Мне хотелось зарабатывать, преуспевать, делать своё дело хорошо. К сожалению, идея этой работы мне не понравилась, как я ни старалась себя убедить, так что получалось у меня плохо. Но принять, что всё обстоит именно так, я не могла, поэтому и впарить ничего у меня не получалось, и от собственной никчемности я страдала. Я ругала себя за то, что не смогла «влиться» и заработать много комиссионных — как знакомые, с которыми мы вместе туда пришли и которые оказались куда более хорошими продажницами, чем я.

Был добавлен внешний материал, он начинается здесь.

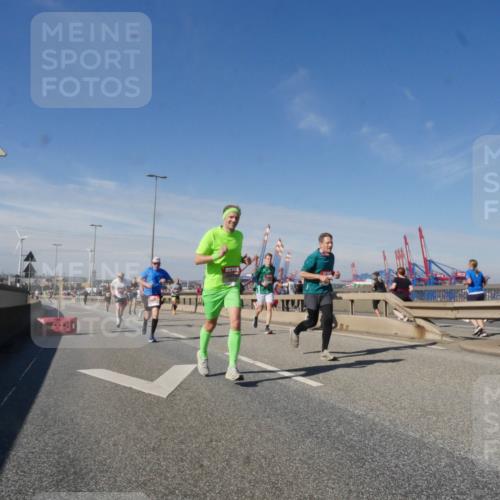 03.10.2025 - Köhlbrandbrückenlauf Matties Gatica Varas http://msf.ph/oto/8989349 03.10.2025 12:36:53 Position 2  meine-sportfotos.de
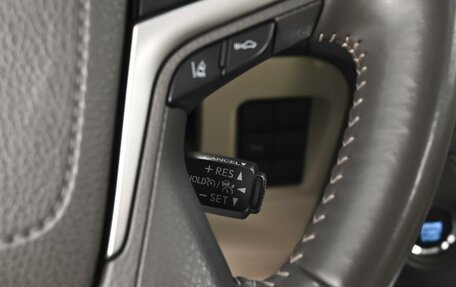 Toyota Land Cruiser Prado 150 рестайлинг 2, 2022 год, 6 549 000 рублей, 24 фотография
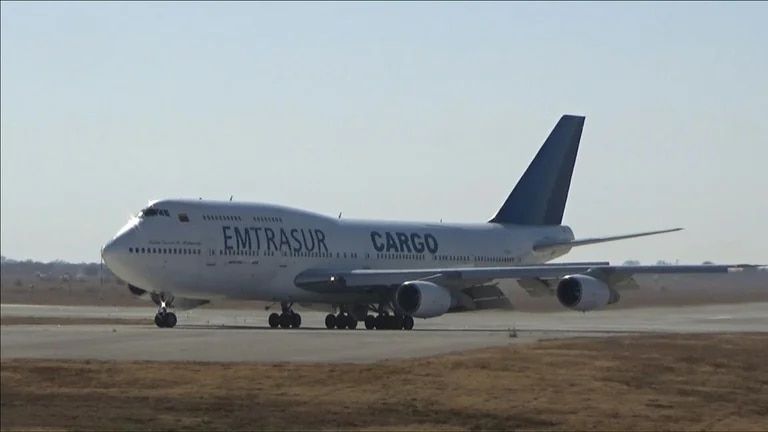 La Cámara Federal de La Plata autorizó la salida del país de 12 tripulantes del avión venezolano-iraní retenido en Ezeiza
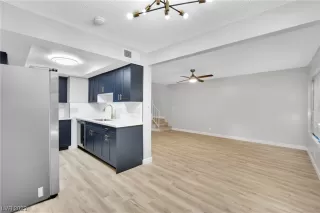 Photo #3: 2542768 Listing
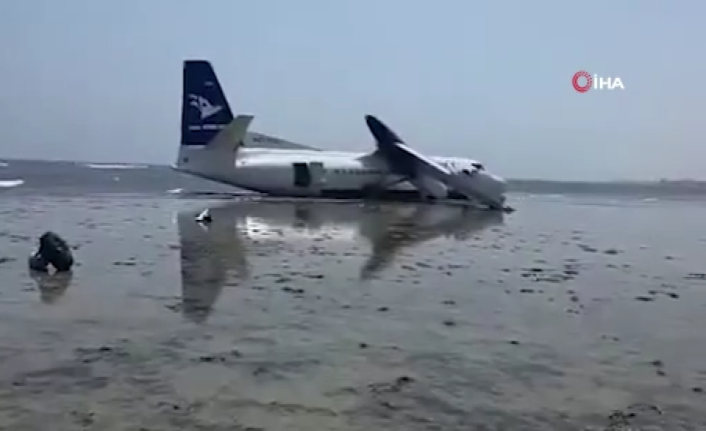 Yolcu Uçağı Hint Okyanusu'na İndi!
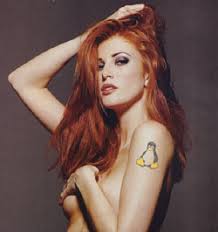 September 1969 in akron, ohio; Angie Everhart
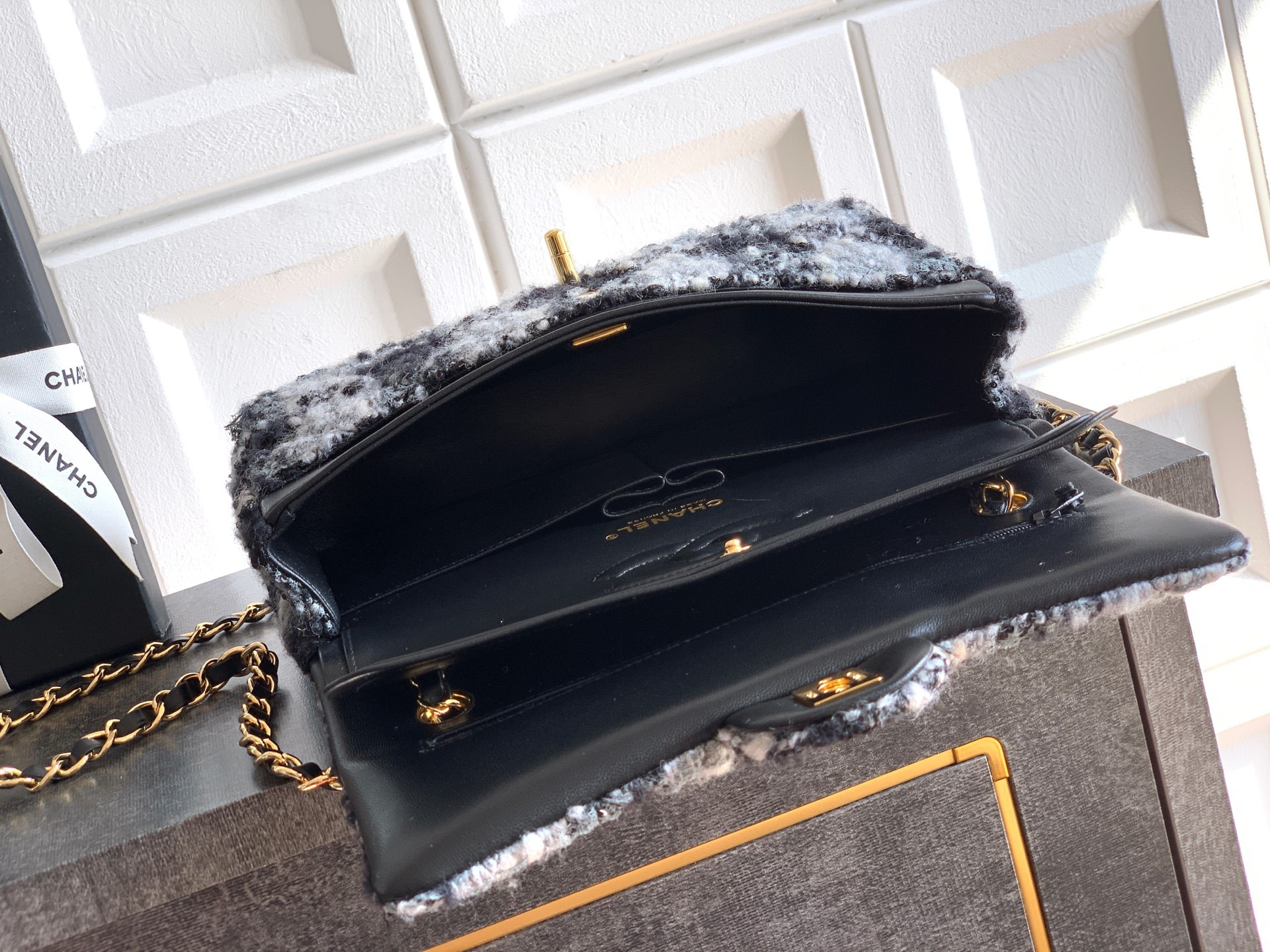 Ch*el flap bag 25x15x6.5cm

Поскольку я не очень четко понимала тогда, почему мне так паршиво на этой работе, ведь я наконец делаю то, чего давно хотела — не учусь, а зарабатываю деньги! — от уныния и бестолковости происходящего я нашла себе параллельно «настоящую» работу в доставшейся мне аптеке: убирала старые ценники на стеллажах, выравнивала шампуни и коробочки, клеила вместе с сотрудницами аптеки пищащие ярлыки на пузырьки и тюбики.
Как и во многих примерах в книжке, за эту «настоящую», полезную работу мне не платили (и пока я ее делала, я скорее теряла деньги и время, потому что не впаривала косметику и не получала комиссию), но «настоящая» работа, в отличие от бредовой, давала приятное чувство, что я приношу пользу окружающему миру.
Аптека мне, кстати, нравилась, там были классные девчонки-фармацевты и провизоры. Но мне не нравилось почти ничего не зарабатывать, и я попросила меня перевести в более проходное место. Там тоже не пошло, и я уволилась.
Теперь я отлично понимаю, почему «не пошло». А тогда даже поговорить об этом не с кем было. Все вокруг делали вид, что иметь работу всегда хорошо, разговор закончен. Кроме того, я жила в наивном мире, где если меня взяли на работу, значит, в ней есть смысл и польза, я просто чего-то не понимаю (и вообще наверняка сама во всем виновата).
Исходя из категорий в книжке Дэвида, в аптеке я была «костыльщиком» — вместо того, чтобы вложиться в рекламу, исследования и имидж компании, эта контора оплачивала комиссию сотен девушек в белых халатах, которые уговаривали покупателей купить товар. А ещё там был очень сомнительный начальник, который иногда уводил сотрудниц в свой кабинет (меня не уводил, но я чуяла что-то странное) — и об этом тоже не с кем было тогда поговорить. Всё в этой конторе было странным. И я оттуда ушла.
Каждый раз, когда я захожу в аптеку теперь и вижу, что кремы от той компании канули в небытие и больше нигде-нигде не продаются, я немножечко это праздную.
В-четвертых, я время от времени исполняла роль «шестерки», сопровождая начальниц на встречи, чтобы выглядело, что «наша сторона» представлена большим количеством серьезно выглядящих людей, а также бывала «токеном» от дайвёрсити или «галочницей». А вот у нас есть менеджер в команде — удобное заявление, даже если этому менеджеру не всегда дают ответственность или признают ее влияние на процесс работы.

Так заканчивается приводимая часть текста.